A estratégia brasileira permanece concentrada nas conversas técnicas e de alto nível realizadas nas últimas semanas entre representantes dos dois governos. Na semana passada, o ministro do Desenvolvimento, Indústria e Comércio, Marcio Elias Rosa, reuniu-se com o representante do escritório comercial dos Estados Unidos, Jamieson Greer. Após o encontro, o ministro informou que novas reuniões deverão ocorrer nos próximos dias.

Governo aguarda resposta dos EUA

Durante essas negociações, o Brasil apresentou uma proposta de encaminhamento para responder aos seis pontos levantados pelo governo americano na investigação comercial. Até o momento, porém, não houve uma resposta formal por parte de Washington.

O prazo considerado decisivo pelas autoridades brasileiras é 15 de julho, data limite para que um acordo seja alcançado antes da eventual entrada em vigor das novas tarifas.

Nas negociações, o governo brasileiro tem buscado demonstrar dados sobre a relação comercial entre os dois países e apresentar informações relacionadas, entre outros temas, ao combate ao desmatamento, como forma de responder às preocupações levantadas pelos Estados Unidos.

Avaliação interna é de que recomendação tem viés político

Nos bastidores, integrantes do Palácio do Planalto e do Itamaraty avaliam que a recomendação do USTR para a aplicação das tarifas possui caráter político e não leva em consideração os argumentos técnicos apresentados pelo Brasil ao longo do último ano.

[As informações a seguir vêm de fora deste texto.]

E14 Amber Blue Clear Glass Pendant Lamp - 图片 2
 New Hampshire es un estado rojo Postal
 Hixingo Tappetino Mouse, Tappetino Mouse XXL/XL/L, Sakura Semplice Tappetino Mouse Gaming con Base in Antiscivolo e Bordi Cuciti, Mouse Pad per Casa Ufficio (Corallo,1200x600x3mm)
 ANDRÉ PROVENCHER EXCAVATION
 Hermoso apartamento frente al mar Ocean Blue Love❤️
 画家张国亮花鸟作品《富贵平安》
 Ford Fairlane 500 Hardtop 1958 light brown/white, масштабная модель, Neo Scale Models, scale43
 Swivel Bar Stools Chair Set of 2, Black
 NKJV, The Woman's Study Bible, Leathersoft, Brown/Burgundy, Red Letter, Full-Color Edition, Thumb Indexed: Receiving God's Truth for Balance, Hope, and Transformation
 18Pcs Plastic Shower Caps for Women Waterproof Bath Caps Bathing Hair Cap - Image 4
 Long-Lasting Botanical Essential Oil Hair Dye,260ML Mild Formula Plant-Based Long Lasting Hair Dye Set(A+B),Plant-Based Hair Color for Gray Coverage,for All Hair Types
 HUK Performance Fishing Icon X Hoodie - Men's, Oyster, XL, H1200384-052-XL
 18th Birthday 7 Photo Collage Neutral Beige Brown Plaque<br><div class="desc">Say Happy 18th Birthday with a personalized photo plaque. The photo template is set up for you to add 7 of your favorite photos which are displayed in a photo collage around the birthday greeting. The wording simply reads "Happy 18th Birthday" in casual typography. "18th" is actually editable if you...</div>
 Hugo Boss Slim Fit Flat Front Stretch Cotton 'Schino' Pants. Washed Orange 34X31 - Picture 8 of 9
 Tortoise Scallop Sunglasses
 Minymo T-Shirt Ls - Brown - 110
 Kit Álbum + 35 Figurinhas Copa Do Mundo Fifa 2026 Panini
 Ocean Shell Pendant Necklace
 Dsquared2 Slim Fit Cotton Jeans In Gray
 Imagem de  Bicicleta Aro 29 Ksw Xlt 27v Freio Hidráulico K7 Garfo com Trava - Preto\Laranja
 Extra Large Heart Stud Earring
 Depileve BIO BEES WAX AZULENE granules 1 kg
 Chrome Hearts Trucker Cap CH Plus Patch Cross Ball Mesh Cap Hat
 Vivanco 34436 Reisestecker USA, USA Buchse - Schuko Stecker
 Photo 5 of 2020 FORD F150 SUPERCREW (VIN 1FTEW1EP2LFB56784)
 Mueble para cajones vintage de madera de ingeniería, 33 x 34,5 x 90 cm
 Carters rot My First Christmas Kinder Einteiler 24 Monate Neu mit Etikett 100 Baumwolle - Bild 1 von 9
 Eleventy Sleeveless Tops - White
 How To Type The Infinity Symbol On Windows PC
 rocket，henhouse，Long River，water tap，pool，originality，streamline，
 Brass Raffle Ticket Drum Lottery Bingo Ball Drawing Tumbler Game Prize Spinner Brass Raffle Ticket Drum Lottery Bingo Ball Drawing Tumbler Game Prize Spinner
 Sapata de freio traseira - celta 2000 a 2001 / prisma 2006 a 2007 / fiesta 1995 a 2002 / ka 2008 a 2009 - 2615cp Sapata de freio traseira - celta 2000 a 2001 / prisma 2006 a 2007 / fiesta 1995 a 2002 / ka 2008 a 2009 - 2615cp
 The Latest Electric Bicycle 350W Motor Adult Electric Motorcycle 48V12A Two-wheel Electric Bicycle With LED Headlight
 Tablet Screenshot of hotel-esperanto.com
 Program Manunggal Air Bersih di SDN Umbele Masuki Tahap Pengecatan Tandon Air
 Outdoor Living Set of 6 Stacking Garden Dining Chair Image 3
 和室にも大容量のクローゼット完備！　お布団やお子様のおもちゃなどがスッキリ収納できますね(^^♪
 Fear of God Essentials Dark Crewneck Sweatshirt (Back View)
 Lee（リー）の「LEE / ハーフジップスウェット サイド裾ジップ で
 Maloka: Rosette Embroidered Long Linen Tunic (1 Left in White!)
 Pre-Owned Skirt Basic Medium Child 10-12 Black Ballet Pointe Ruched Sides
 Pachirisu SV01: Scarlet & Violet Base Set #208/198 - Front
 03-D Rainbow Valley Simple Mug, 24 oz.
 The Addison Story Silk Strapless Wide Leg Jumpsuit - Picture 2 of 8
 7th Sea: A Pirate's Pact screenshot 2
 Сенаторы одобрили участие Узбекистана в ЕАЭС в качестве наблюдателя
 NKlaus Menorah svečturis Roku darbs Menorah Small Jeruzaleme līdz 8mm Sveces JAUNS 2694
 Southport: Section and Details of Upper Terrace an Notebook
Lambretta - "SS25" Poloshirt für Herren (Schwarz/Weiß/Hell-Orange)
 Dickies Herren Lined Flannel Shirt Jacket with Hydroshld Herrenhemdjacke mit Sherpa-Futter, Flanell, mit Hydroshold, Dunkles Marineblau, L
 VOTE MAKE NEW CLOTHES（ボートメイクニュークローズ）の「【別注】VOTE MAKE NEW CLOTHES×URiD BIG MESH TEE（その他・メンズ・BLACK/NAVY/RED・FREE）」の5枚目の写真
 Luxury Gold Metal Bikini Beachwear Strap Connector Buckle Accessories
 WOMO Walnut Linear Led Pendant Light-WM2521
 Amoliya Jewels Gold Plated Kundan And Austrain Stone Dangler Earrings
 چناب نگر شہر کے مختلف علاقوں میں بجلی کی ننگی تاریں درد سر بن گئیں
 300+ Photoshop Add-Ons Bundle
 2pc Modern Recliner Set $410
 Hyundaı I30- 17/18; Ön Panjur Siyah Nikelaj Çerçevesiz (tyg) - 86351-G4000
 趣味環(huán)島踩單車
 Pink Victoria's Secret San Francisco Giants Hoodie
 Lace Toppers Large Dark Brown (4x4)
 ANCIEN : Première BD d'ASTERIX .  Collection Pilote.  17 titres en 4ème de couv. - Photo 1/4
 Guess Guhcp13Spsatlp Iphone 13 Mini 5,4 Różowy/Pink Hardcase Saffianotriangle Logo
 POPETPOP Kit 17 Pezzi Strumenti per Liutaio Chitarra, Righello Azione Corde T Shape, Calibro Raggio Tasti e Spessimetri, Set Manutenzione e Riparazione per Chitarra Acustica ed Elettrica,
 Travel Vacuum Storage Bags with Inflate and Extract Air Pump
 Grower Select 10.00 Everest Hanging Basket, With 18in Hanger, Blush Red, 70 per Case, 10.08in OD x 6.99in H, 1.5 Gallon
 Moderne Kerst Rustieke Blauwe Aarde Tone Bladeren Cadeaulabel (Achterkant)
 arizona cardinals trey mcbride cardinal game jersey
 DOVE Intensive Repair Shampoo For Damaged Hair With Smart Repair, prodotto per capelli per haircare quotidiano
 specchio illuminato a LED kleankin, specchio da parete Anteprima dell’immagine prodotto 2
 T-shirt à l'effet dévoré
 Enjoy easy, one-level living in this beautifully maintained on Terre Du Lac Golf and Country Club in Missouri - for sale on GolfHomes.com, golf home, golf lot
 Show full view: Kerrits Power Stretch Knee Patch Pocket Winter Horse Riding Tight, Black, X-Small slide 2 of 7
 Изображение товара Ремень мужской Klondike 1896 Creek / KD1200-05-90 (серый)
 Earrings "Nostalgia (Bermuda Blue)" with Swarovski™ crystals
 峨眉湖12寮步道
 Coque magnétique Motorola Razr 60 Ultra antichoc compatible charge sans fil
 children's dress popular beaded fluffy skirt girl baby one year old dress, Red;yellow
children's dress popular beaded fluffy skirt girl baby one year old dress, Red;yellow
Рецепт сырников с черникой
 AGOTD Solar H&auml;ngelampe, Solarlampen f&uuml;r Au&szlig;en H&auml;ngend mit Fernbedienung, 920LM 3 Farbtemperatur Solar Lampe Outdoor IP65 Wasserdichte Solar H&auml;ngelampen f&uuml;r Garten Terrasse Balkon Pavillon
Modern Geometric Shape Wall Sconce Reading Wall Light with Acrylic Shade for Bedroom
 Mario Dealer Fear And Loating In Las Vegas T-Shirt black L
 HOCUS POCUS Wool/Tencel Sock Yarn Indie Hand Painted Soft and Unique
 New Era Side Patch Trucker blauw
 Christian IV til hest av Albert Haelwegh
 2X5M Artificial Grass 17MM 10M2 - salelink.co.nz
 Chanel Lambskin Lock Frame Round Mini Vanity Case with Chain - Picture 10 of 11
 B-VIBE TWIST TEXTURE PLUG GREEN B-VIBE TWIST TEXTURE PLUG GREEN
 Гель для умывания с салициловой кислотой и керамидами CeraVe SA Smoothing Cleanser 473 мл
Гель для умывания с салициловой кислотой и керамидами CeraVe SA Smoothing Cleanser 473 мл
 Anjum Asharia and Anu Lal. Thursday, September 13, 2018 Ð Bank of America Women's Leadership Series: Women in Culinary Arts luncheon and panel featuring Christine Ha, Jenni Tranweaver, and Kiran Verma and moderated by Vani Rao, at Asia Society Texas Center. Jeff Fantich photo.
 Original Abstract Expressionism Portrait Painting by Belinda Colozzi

De acordo com essa avaliação, documentos que deram início à investigação comercial, em julho de 2025, e a recomendação pela adoção das tarifas, publicada em junho de 2026, apresentam conteúdo praticamente idêntico, o que reforçaria a percepção de que as justificativas técnicas tiveram pouca influência sobre a decisão.

Diante desse cenário, integrantes do governo, sob reserva, afirmam não acreditar em uma reversão completa do tarifaço, mas consideram possível uma redução das tarifas propostas ou a criação de exceções para determinados produtos brasileiros durante a conclusão das negociações.